Small Business Majority is a national small business organization that empowers America’s diverse entrepreneurs to build a thriving and equitable economy. We engage our network of more than 85,000 small businesses and 1,500 business and partner organizations to advocate for pro-entrepreneurship policy solutions, and we deliver timely resources to small businesses to help them start and grow sustainable businesses.

The Council’s mission aligns perfectly with ours—to create a more inclusive, sustainable economy that works for everyone. Strengthening small businesses, particularly those that have been overlooked or underserved, is essential to promoting a more equitable economy.

What policies do you believe are most critical to enabling a more inclusive form of capitalism in the U.S.?

Inclusive capitalism requires that everyone in our economic system operate on a level playing field. We need policies that promote economic democracy and enable the smallest businesses in our most vulnerable communities to most effectively compete. These policies include access to responsible capital (including incentives for lenders to change the way they assess risk), access to business and technical resources, access to quality essential benefits – such as healthcare, paid leave, childcare, and retirement savings – and an equitable playing field with regard to contractual relationships, technology platforms, and government programs.

Tell us about venturize.org and why Small Business Majority created the platform.

Small Business Majority manages Venturize.org, a free online resource hub for small business owners that need help accessing tools and information to sustain and grow their businesses. Venturize offers unbiased education and resources to help bolster businesses and empower them to make informed financing decisions. Our mission with Venturize is simple — to help entrepreneurs navigate critical resources and capital necessary to make their businesses more resilient now and after the COVID-19 pandemic.

Many people view ESG as the domain of large corporations. What resources do small businesses need to support their efforts on inclusivity and sustainability?

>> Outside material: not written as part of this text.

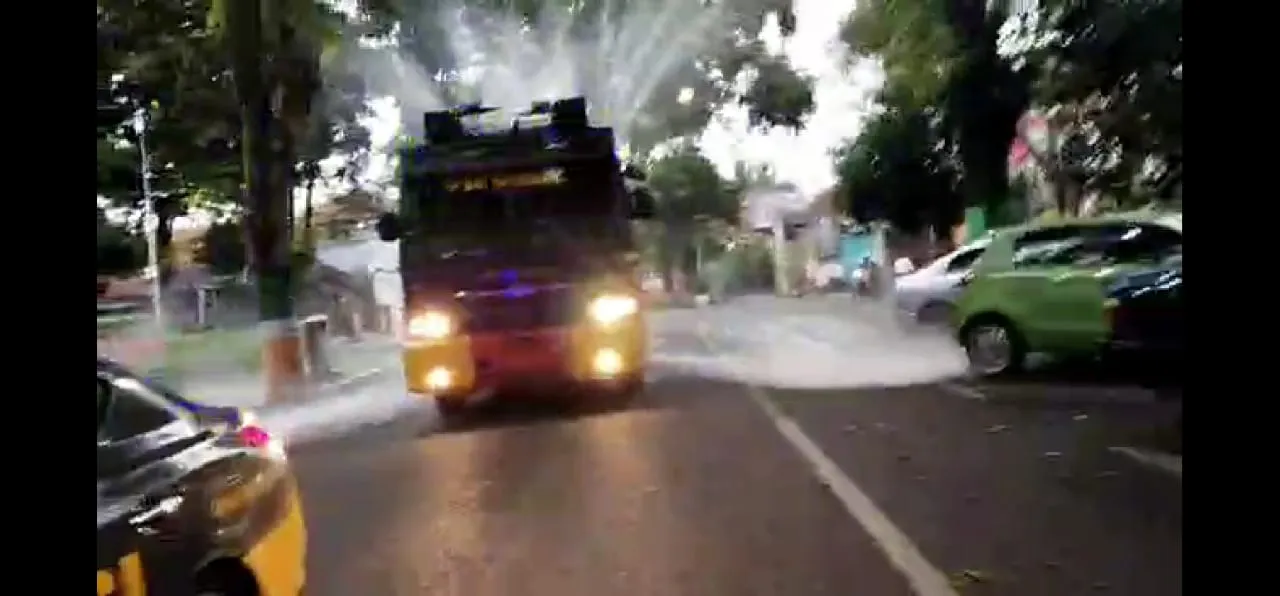 Sambut Tahun Baru 2021 Polres Lumajang Semprot Disinfektan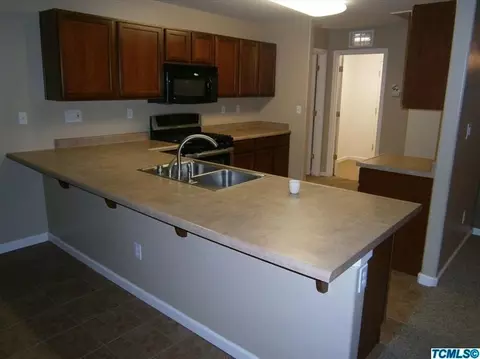 2136 E Victor Ave, Visalia, CA 93292 photo 2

Small businesses, particularly those owned by people of color and women, need access to responsible credit and venture capital as well as access to quality technical assistance to help them navigate a complex economic environment. This includes help preparing them to apply for loans and seek venture investments, along with tools for business planning, marketing strategies, and human resources.

What concerns you most about our economic and policy outlook in the next five years?

The pandemic laid bare serious structural inequalities in our economic system, particularly for small businesses. These include unequal access to capital, resource shortages, vast discrepancies in our care economy, and an exacerbation of the gap between small businesses and large monopolistic enterprises. The result has been serious struggles for many small businesses, particularly those run by people of color, with many enterprises in vulnerable communities simply shutting down. The concern is that as the pandemic recedes, we will be content to revert back to the old ways of doing business while failing to seize the moment and push for lasting structural change.

What gives you hope?

The silver lining for small businesses during the past 20 months is that their needs and their struggles have been pushed to the forefront of people’s consciousness. On top of that, while many businesses unfortunately have shut down, even more new enterprises have been formed as people reassess their employment options. Moreover, we are seeing a greater awareness of the gap between small businesses and monopolistic corporations, along with renewed efforts to address systemic racial inequities. We must harness this greater awareness and new business formation to promote policies that expand opportunities for the newest, smallest businesses, specifically those run by people of color, women, and those in rural communities. If we can accomplish this and simultaneously do everything we can to level the economic playing field, we can move closer to more inclusive capitalism and a true economic democracy.

What do you most hope to gain from your membership in the Council for Inclusive Capitalism?

We are eager to share ideas and perspectives with the many Council members who are working to address economic inequality in a variety of ways, with all of us unified in our commitment to a truly inclusive economy. We also hope to form alliances with Council members where possible to take meaningful action.